_Material shown:_
<<<<

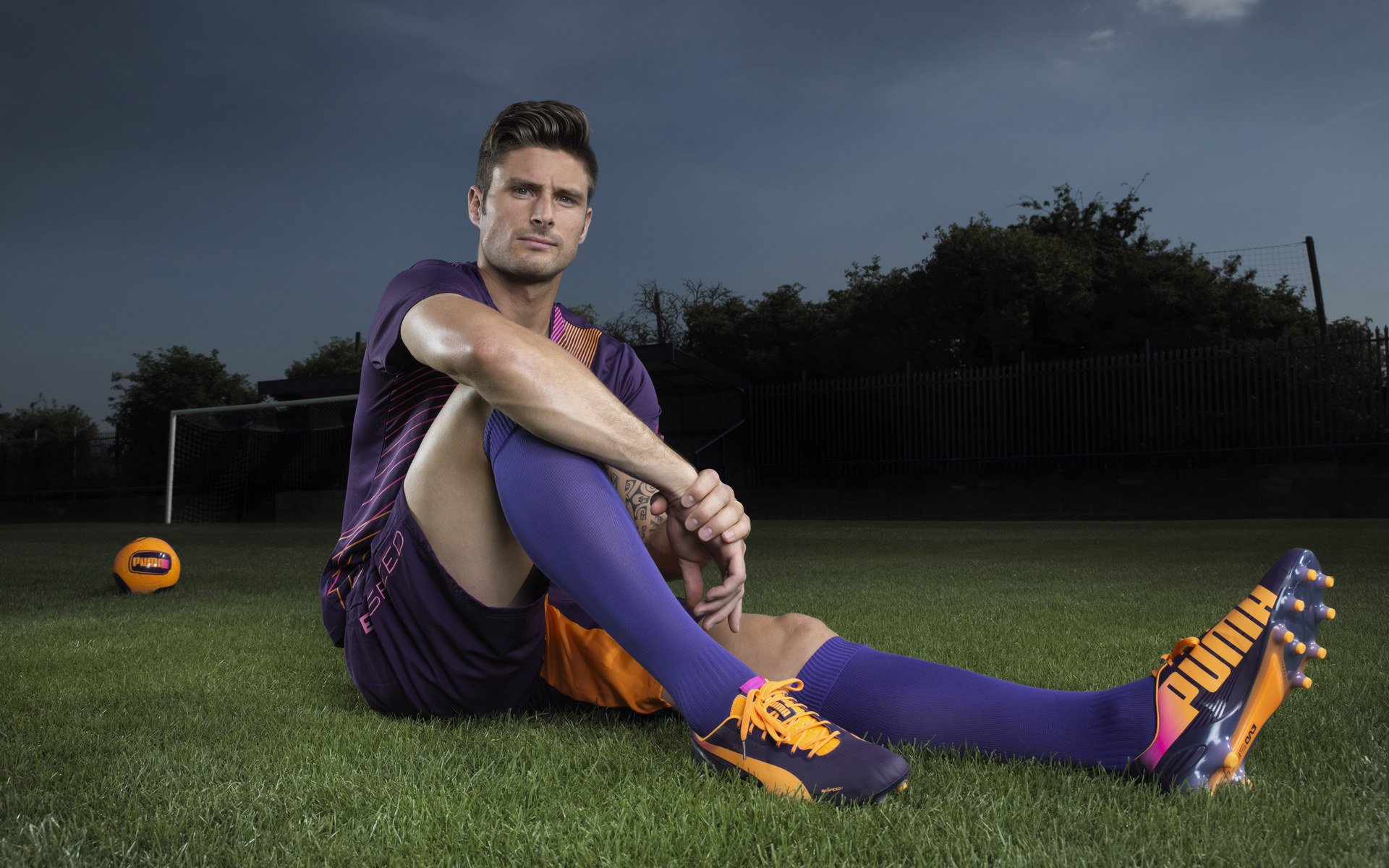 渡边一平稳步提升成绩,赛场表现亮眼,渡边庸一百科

>>>>
<<<<

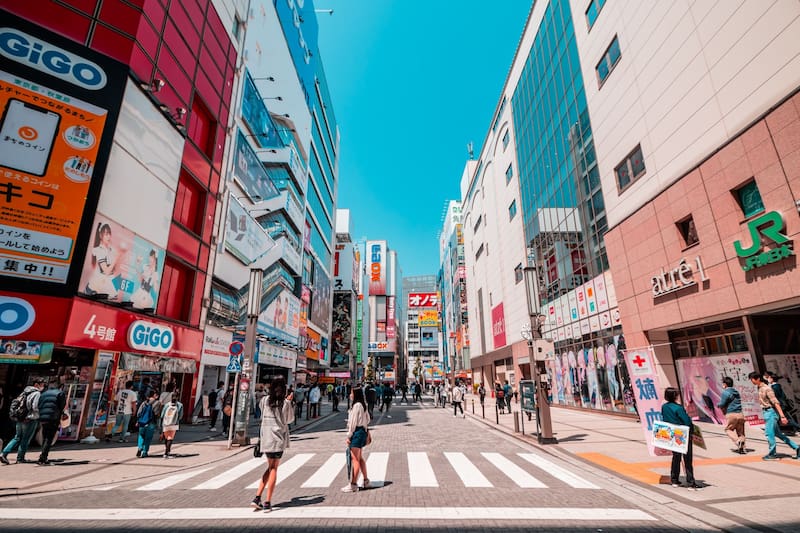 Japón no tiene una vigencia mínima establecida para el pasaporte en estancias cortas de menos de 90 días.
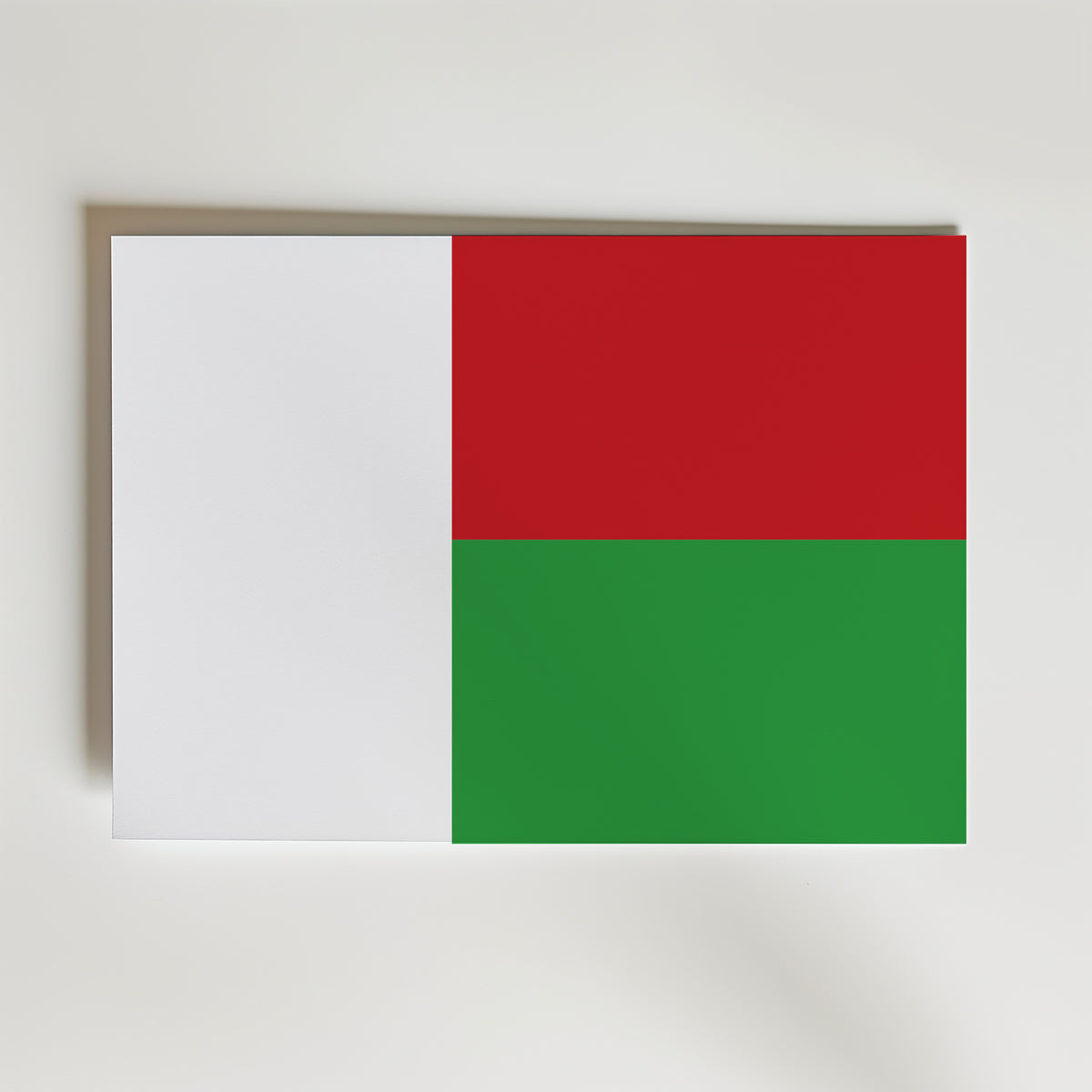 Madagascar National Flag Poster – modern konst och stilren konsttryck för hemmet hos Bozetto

>>>>
<<<<

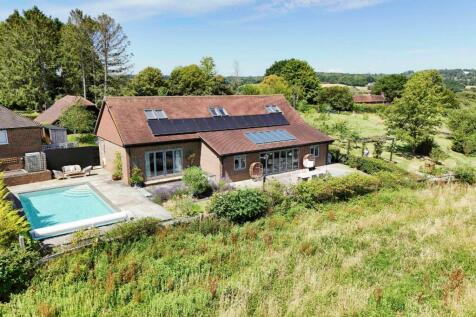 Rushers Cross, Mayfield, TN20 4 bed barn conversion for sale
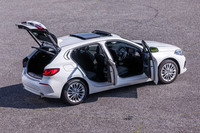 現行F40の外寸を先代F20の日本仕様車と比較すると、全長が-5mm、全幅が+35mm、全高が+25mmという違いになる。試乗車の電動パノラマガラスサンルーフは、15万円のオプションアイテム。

>>>>

_Problem:_
Starting at the line with "Japón no tiene" in the entries above, write out every line exactly until the line with "Madagascar National Flag" has been written. Include no pictures and nothing more.

_Exercise result:_
 Japón no tiene una vigencia mínima establecida para el pasaporte en estancias cortas de menos de 90 días.
 Madagascar National Flag Poster – modern konst och stilren konsttryck för hemmet hos Bozetto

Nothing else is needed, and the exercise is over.